Picture a pregnant woman interviewing for a job with zero intention of sticking around once her baby is born in a few months.
She could decide not to tell them this, thinking, “I could use the money I’ll earn until I give birth. They don’t need to know I won’t be coming back afterward. And they’ll probably have an easy time finding a replacement for me.”
Unfortunately, hiding her intention to leave in a few months will have consequences:
- For the employer and supervisors — wasted time and money training her for the job and a repeat of the process for someone else after she leaves.
- For her coworkers — who might come to rely on her and who will likely feel disappointed and even angry with her for leaving so soon.

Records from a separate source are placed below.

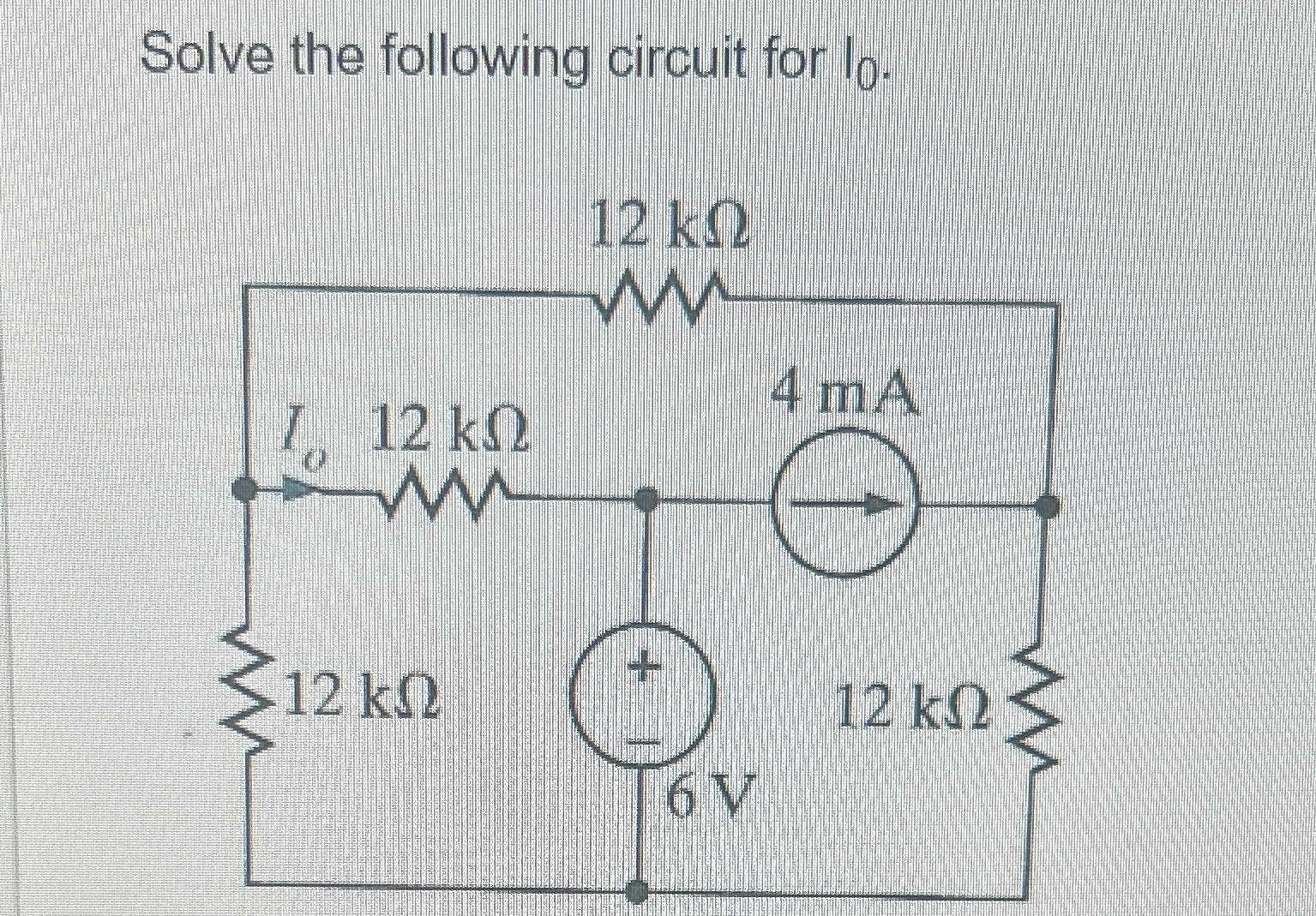 Solved Solve the following circuit for I. | Chegg.com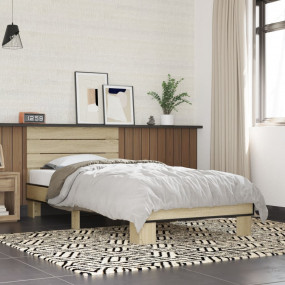 Bed Frame Sonoma Oak Engineered wood Single Durable Bed...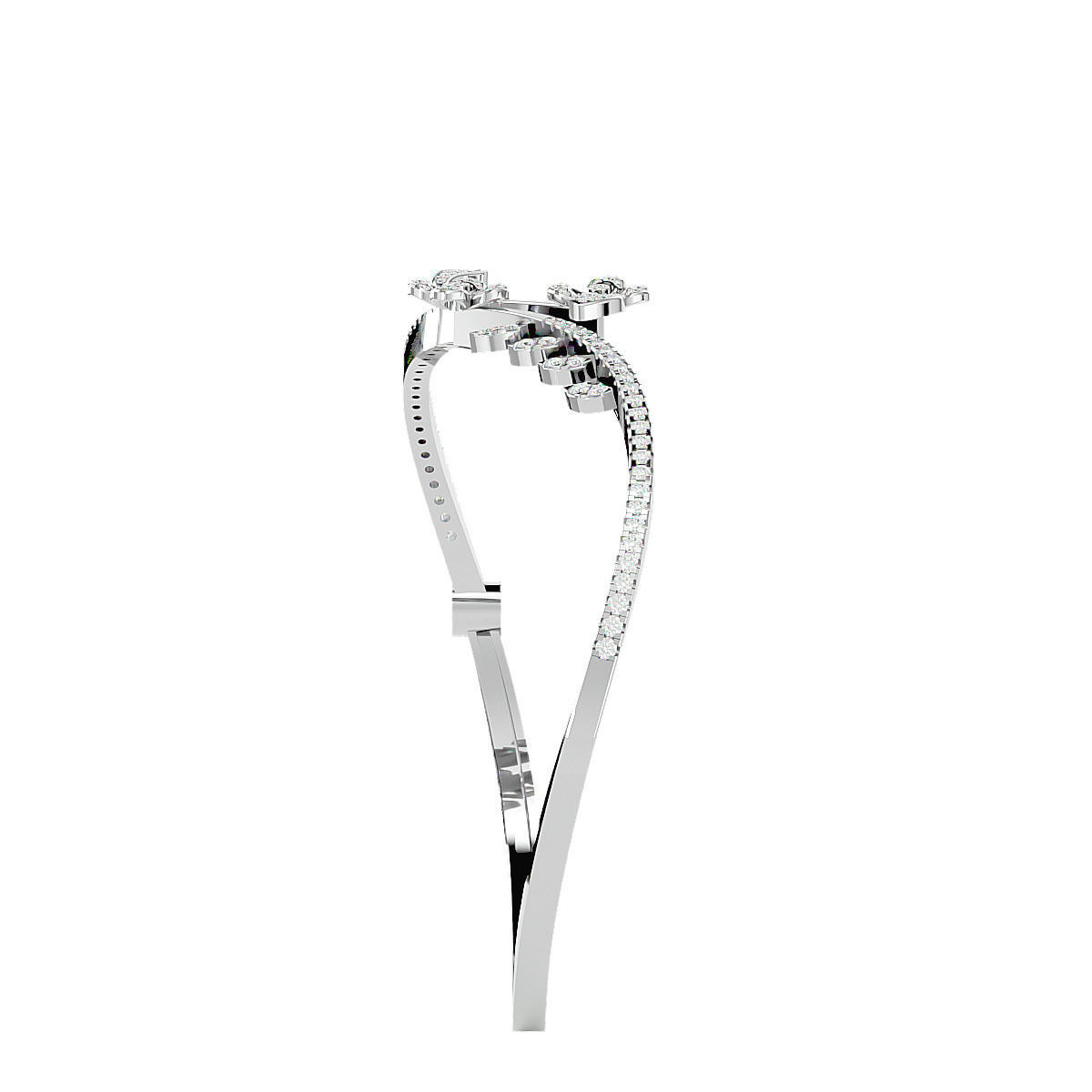 Women Flower Diamond bracelets 3dm stl render detail 3D print 3D print model_9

- For herself — difficulty getting another job after jilting her previous employer.
She can avoid all this by being transparent about her intentions.
5. When the truth comes out, the loss of trust may be permanent.
When someone finally discovers the truth you were hiding from them, they’re likely to be angry. After all, you hid that information to steer their opinion of you in a more favorable direction, so they’ll feel manipulated as well as deceived.
And the more you gained by the deception, the worse they’ll feel about it. It’s one thing if you lied or were silent about something because you feared how it would affect their self-confidence or self-esteem. It’s another if you lied by omission to protect yourself.
Even if you thought you were acting to their benefit, though, they won’t trust you as much as they did before. And they might never again.
6. If you kept one thing secret, what else are you not telling them?
The more you lie, the easier it gets, and that goes for lying by omission, too. If you can justify keeping important details to yourself in one situation, you’re more likely to do the same in others. So, why should anyone trust you once they’ve learned the truth?
For example, if you hold off on telling someone you noticed another employee stealing office supplies, and that employee points the finger at you when he’s caught, your employer might well suspect you of doing the same.
And if you’ll lie by omission to avoid discomfort, why wouldn’t you lie again to keep your job?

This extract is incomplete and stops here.